++++ Task material

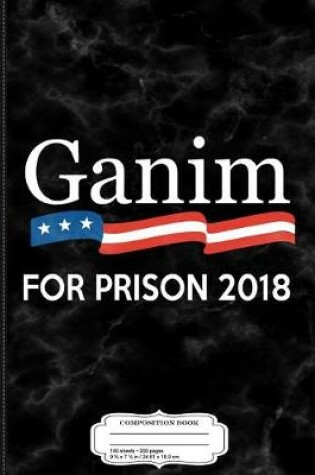 Cover of Ganim for Prison 2018 Composition Notebook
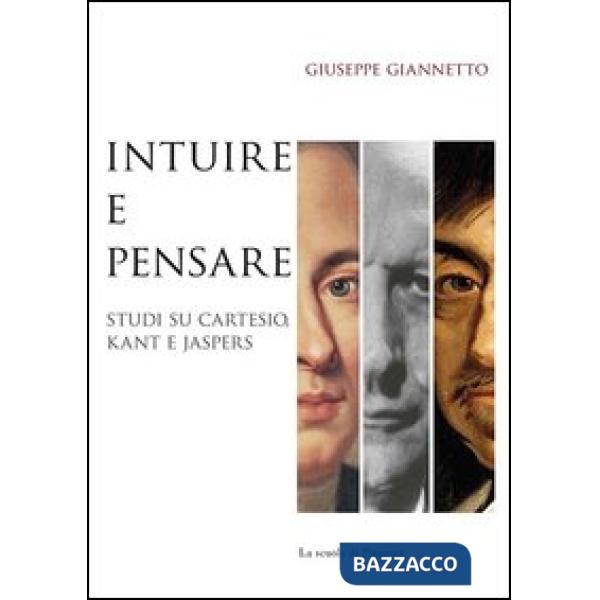 Intuire e pensare. Studi su Cartesio, Kant e Jaspers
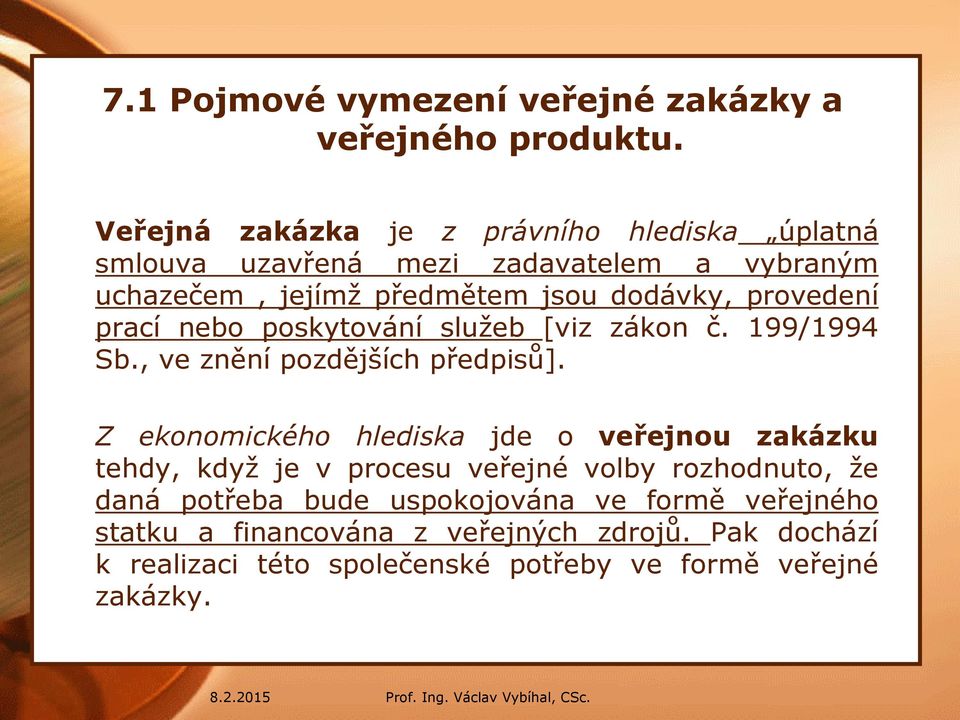 provedení prací nebo poskytování služeb [viz zákon č. 199/1994 Sb., ve znění pozdějších předpisů].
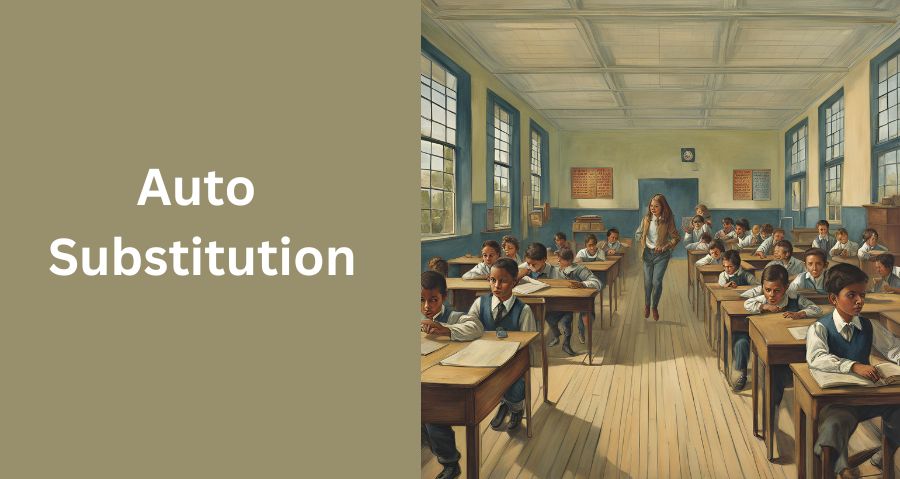Auto Substitution System Software Online for Schools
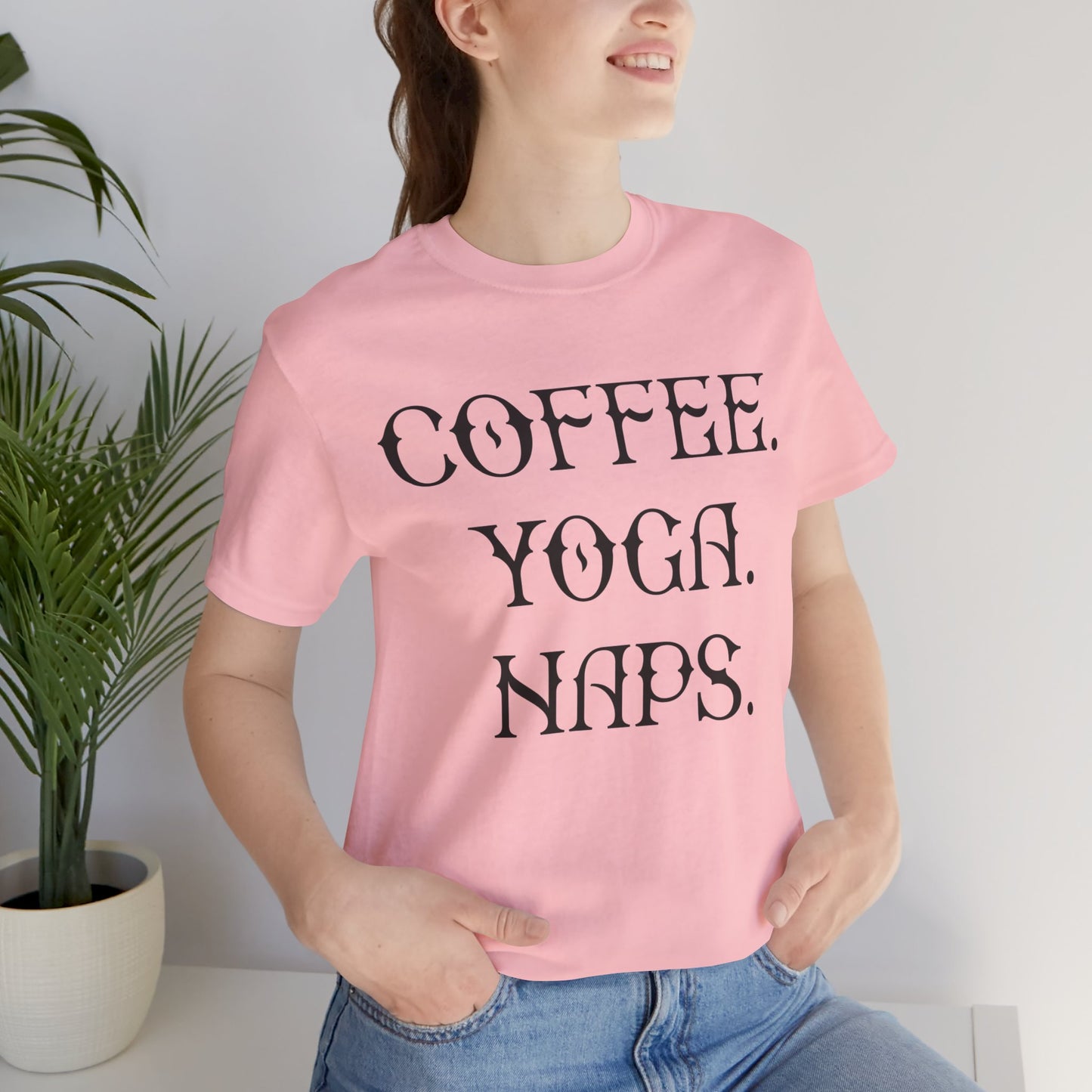 Coffee Yoga Naps - Unisex Jersey Short Sleeve Tee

++++++++

### [Exercise directions]
Could you restate every record above word for word, leaving the pictures out?

### [Reply]
 Cover of Ganim for Prison 2018 Composition Notebook
 Intuire e pensare. Studi su Cartesio, Kant e Jaspers
 provedení prací nebo poskytování služeb [viz zákon č. 199/1994 Sb., ve znění pozdějších předpisů].
Auto Substitution System Software Online for Schools
 Coffee Yoga Naps - Unisex Jersey Short Sleeve Tee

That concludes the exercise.